3. Proof by induction:

   • Base Case. When \(n = 1\), \[ \LHS = I_1 = \frac {\pi }{\sqrt {b - a^2}}, \] \[ \RHS = \frac {\pi }{2^{2 \cdot 1 - 2} (b - a^2)^{1 - \frac {1}{2}}} \binom {2 \cdot 1 - 2}{1 - 1} = \frac {\pi }{\sqrt {b - a^2}} \binom {0}{0} = \frac {\pi }{\sqrt {b - a^2}}. \]
   • Induction Hypothesis. Assume for some \(n = k \in \NN \), we have \[ I_n = \frac {\pi }{2^{2n - 2} (b - a^2)^{n - \frac {1}{2}}} \binom {2n - 2}{n - 1}. \]

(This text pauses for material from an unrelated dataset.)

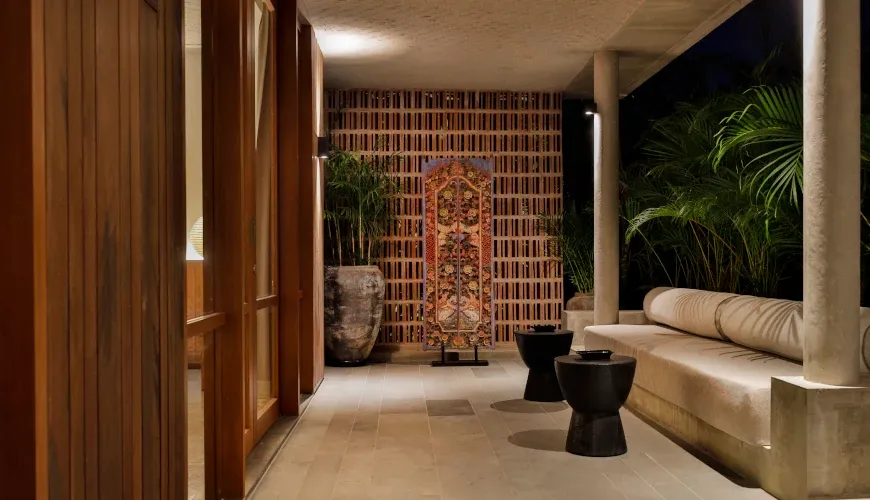 Evening photo of a communal villa terrace with seating at Villa Uma Santai Pererenan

   • Induction Step. When \(n = k + 1\), \begin {align*} I_n & = I_{k + 1} \\ & = \frac {2k + 1}{2(k + 1)(b - a^2)} I_k \\ & = \frac {2k + 1}{2(k + 1)(b - a^2)} \cdot \frac {\pi }{2^{2k - 2} (b - a^2)^{k - \frac {1}{2}}} \binom {2k - 2}{k - 1} \\ & = \frac {\pi }{2^{2k} (b - a^2)^{k + \frac {1}{2}}} \frac {(2k-2)!}{(k-1)!(k-1)!} \frac {(2k + 1)(2k + 2)}{(k + 1)^2} \\ & = \frac {\pi }{2^{2k} (b - a^2)^{k + \frac {1}{2}}} \frac {2k!}{k!k!} \\ & = \frac {\pi }{2^{2k} (b - a^2)^{k + \frac {1}{2}}} \binom {2k}{k} \\ & = \frac {\pi }{2^{2n - 2} (b - a^2)^{n - \frac {1}{2}}} \binom {2n - 2}{n - 1}. \end {align*}

   Therefore, by the principle of mathematical induction, for \(n \in \NN \), \[ I_n = \frac {\pi }{2^{2n - 2} (b - a^2)^{n - \frac {1}{2}}} \binom {2n - 2}{n - 1}, \] as desired.